TASK TO COMPLETE: Within the material below, locate the line with "In this series" and the line with "Hello, I'm Matthew", then return those two lines and all lines between them, exactly as written.

EXERCISE INPUTS:
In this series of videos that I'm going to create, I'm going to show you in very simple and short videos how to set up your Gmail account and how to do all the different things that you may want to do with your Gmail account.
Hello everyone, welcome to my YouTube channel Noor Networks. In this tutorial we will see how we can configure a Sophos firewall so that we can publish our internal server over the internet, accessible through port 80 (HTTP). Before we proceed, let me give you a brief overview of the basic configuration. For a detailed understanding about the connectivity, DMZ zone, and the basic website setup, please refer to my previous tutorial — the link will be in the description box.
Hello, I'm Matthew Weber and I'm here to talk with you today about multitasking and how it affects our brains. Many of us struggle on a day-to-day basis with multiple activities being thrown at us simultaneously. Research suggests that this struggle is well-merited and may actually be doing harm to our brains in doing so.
* * *
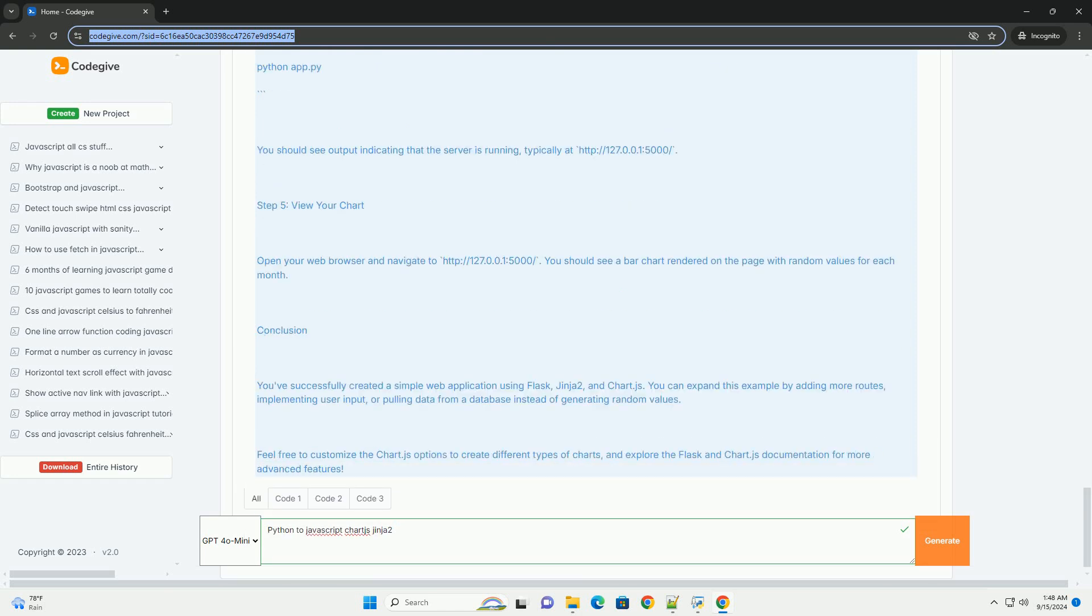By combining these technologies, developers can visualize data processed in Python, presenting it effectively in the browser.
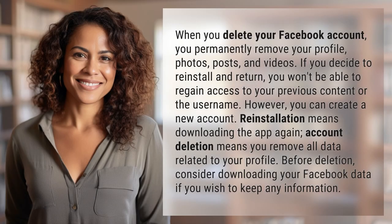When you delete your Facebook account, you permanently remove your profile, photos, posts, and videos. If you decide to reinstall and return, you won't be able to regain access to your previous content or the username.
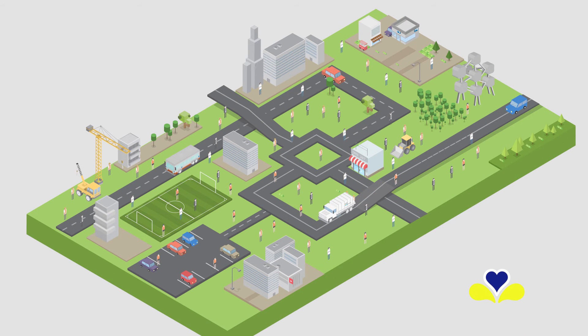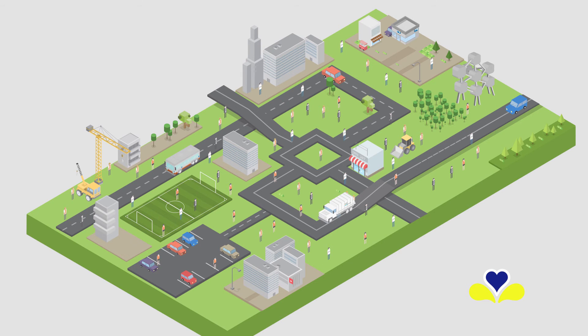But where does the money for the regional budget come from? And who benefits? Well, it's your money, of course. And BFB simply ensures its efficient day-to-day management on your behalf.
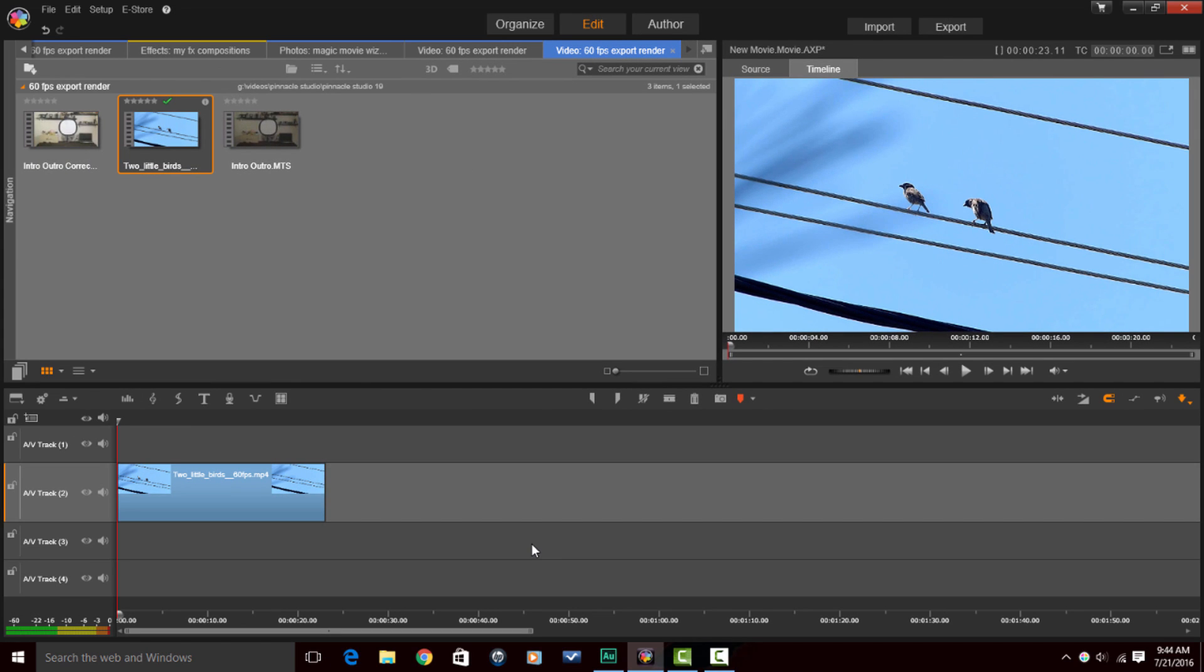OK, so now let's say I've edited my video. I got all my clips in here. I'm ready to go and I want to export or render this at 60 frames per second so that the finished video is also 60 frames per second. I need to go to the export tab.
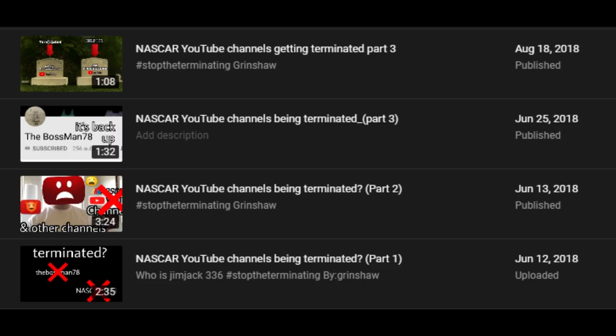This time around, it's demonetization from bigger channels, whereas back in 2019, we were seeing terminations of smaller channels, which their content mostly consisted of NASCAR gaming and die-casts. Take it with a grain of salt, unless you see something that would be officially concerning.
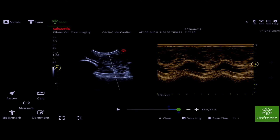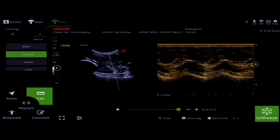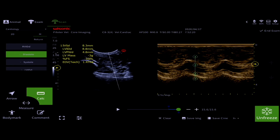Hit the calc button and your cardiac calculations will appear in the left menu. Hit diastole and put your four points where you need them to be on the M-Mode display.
---
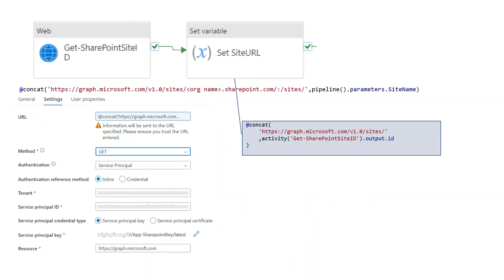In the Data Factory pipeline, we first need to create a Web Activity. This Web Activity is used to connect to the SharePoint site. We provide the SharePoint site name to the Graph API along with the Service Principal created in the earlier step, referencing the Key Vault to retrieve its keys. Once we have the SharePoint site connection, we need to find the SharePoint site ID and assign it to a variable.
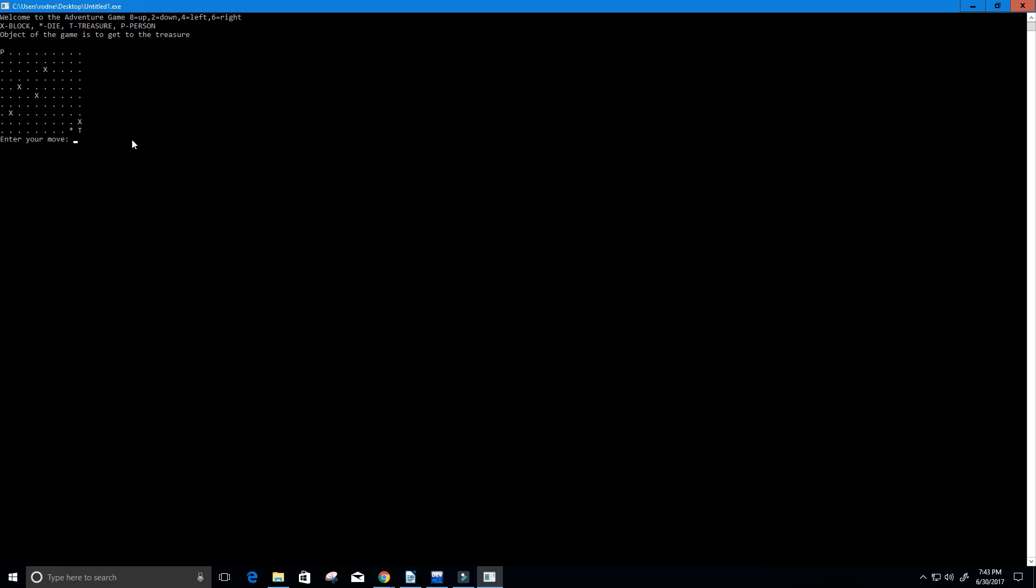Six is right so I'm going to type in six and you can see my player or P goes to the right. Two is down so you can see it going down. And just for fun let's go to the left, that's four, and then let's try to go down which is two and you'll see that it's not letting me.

ANSWER TO THIS TASK:
In this series of videos that I'm going to create, I'm going to show you in very simple and short videos how to set up your Gmail account and how to do all the different things that you may want to do with your Gmail account.
Hello everyone, welcome to my YouTube channel Noor Networks. In this tutorial we will see how we can configure a Sophos firewall so that we can publish our internal server over the internet, accessible through port 80 (HTTP). Before we proceed, let me give you a brief overview of the basic configuration. For a detailed understanding about the connectivity, DMZ zone, and the basic website setup, please refer to my previous tutorial — the link will be in the description box.
Hello, I'm Matthew Weber and I'm here to talk with you today about multitasking and how it affects our brains. Many of us struggle on a day-to-day basis with multiple activities being thrown at us simultaneously. Research suggests that this struggle is well-merited and may actually be doing harm to our brains in doing so.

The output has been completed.